Electronics for Building Things · Lesson 9 · Components in Depth
The tiny energy buffer — and the one-capacitor habit that fixes flaky projects.
Capacitors are the component beginners under-use and pros sprinkle everywhere. They don't "do" something dramatic on their own — they steady things. Understanding them turns "my project randomly resets" from a mystery into a known fix.
A capacitor stores a small amount of electric charge and releases it quickly. Back to the water analogy: it's a little surge tank on the pipe. When pressure dips for an instant, the tank pushes water back to smooth it; when pressure spikes, it absorbs some. Capacitance is measured in farads, but you'll only ever see tiny fractions: microfarads (µF), nanofarads (nF), picofarads (pF).

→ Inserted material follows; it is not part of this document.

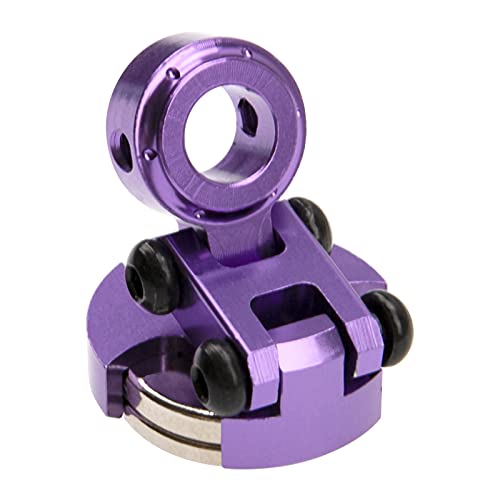 ShareGoo 4Pack Metal Magnetic Stealth Invisible Body Post Mount Upgrade Parts Compatible with Axial SCX10 HSP Redcat D90 1/10 RC Crawler Drift Car Truck (Purple) - color: Purple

| Type | Looks like | Polarity | Reading the value |
|---|---|---|---|
| Ceramic | Small disc / blob | None — fits either way | 3-digit code: 104 = 10 + 4 zeros = 100,000 pF = 0.1 µF |
| Electrolytic | Little cylinder ("soda can") | Polarized! stripe = −, longer leg = + | Printed directly, e.g. 10µF 25V |
Chips draw current in sudden bursts as they switch. Those bursts cause tiny dips in the supply
voltage that can make a microcontroller misbehave or reset. A decoupling
capacitor (also called a bypass cap) sits right next to a chip's power pin — between
+ and GND — acting as a local surge tank that supplies those bursts instantly.